# TiVo's inability to work with Sling TVs services



## Mark E Brodie (Feb 7, 2018)

I have read both inside and out of this forum that Sling TV's services won't work with the TiVo platform.
I have also learned that TiVo works with the Roku platform. And since Sling TV works with Roku and that TiVo works with Roku, is this a workaround making it possible for us seeing everything from Sling TV on our TiVo Bolt VOX? Please confirm! Thanks, Mark


----------



## krkaufman (Nov 25, 2003)

No, and you appear misinformed about TiVos and Roku, at least at present.

p.s. TiVo doesn't develop the apps; you'll want to contact Sling TV to get an app made for the TiVo platform. (Though it would certainly require TiVo participation to achieve optimal integration of such a service ... into the channel guide.)


----------



## bradleys (Oct 31, 2007)

Sling is owned by Dish Network, TiVo and Dish have a very rocky past...

TiVo doesn't have a big enough market share to drive the business decisions for Dish to invest in developing an app for the TiVo platform and their history certainly doesn't do anything to make Dish feel charitable.

I have said for years that the two services rather compete with each other rather than compliment - but I have softened that stance. Ultimately, it needs to make financial sense for Dish to invest the time in the TiVo platform - and they obviously do not at this point in time, indicate that is the case.


----------



## krkaufman (Nov 25, 2003)

And this article doesn't give me any hope...

Sling TV Pulls Support for Channel Master's DVR+ | Multichannel


----------



## dslunceford (Oct 19, 2000)

What is this mythical TiVo/Roku integration?


----------



## JoeKustra (Dec 7, 2012)

dslunceford said:


> What is this mythical TiVo/Roku integration?


Possibly related -> Roku Signs TiVo License Pact Covering 6,000 Patents


----------



## mdavej (Aug 13, 2015)

dslunceford said:


> What is this mythical TiVo/Roku integration?

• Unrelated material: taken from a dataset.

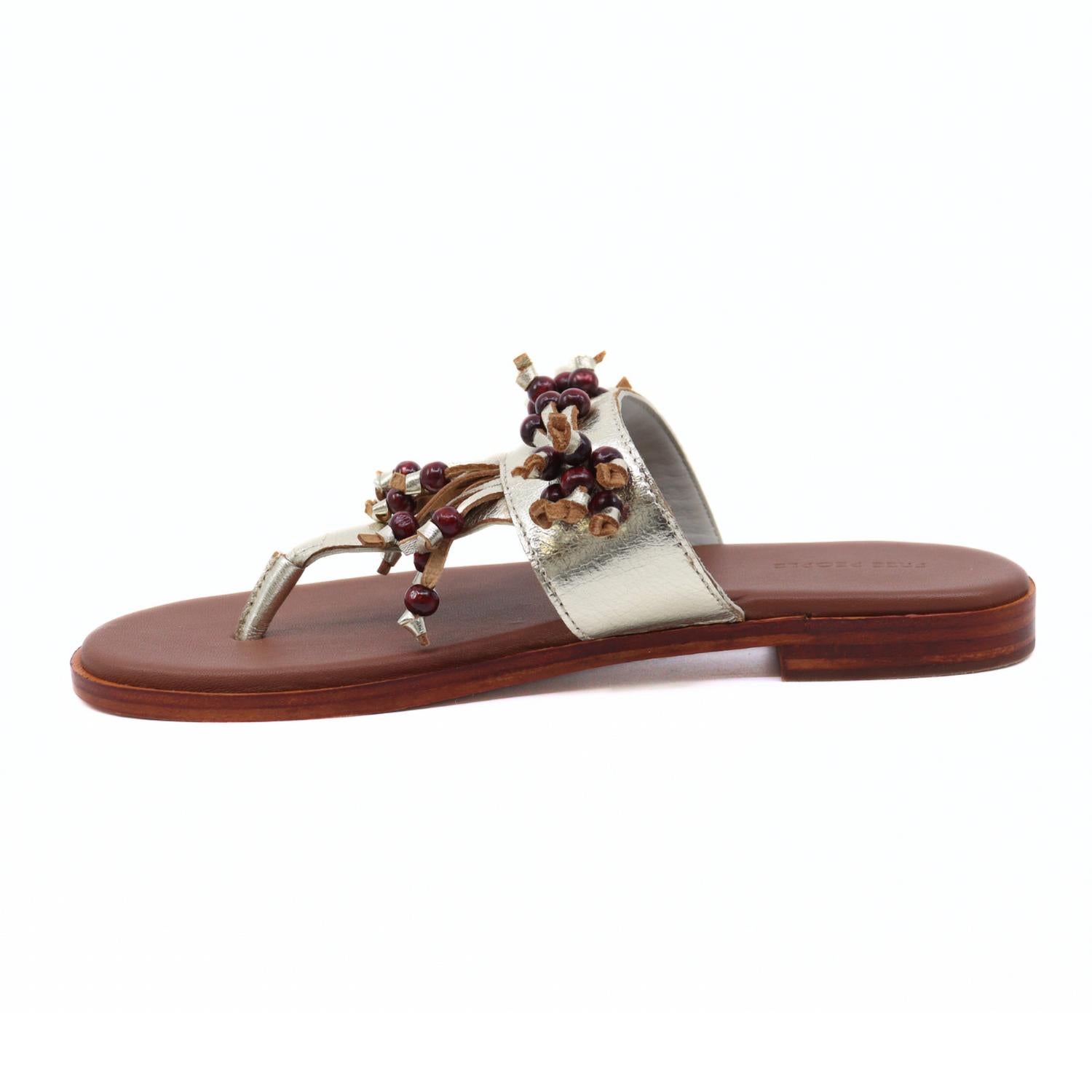 Women's Sadie Fringe Sandal In Gold Metallic Free People — фото 3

Works just like this camera phone except the camera is a Tivo and the phone is a Roku. Just be careful not to cover any IR ports with tape.


----------



## dstoffa (Dec 14, 2005)

Mark E Brodie said:


> I have read both inside and out of this forum that Sling TV's services won't work with the TiVo platform.
> I have also learned that TiVo works with the Roku platform. And since Sling TV works with Roku and that TiVo works with Roku, is this a workaround making it possible for us seeing everything from Sling TV on our TiVo Bolt VOX? Please confirm! Thanks, Mark


SlingTV is IPTV. Video is delivered via IP packets over the internet.
Tivo records ATSC / encrypted QAM / Clear QAM linear video.

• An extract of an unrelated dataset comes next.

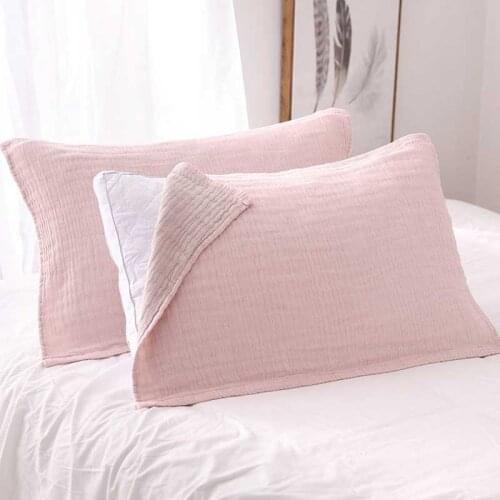 2 Packs for Dormitory Bedroom Hotel Pillowcase Couple Pillow Towel Cotton Gauze Four-layer Pillowcase for All Seasons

Tivo does not have the capability to capture / record content delivered by SlingTV. Yes, there are Tivo apps which allow access to IPTV content (Netflix, Hulu, etc.), but there is no way to record this content.

When is your end game? Using your Tivo to access SlingTV and record content? Or just be able to use your Tivo to WATCH SlingTV delivered programming?


----------



## bradleys (Oct 31, 2007)

People need to get away from this expectation that TiVo will record any of these OTA services. The providers do not want their content recorded, their content contracts mandate security to prohibit recording of content and they would never allow an app on a platform that attempts to record content.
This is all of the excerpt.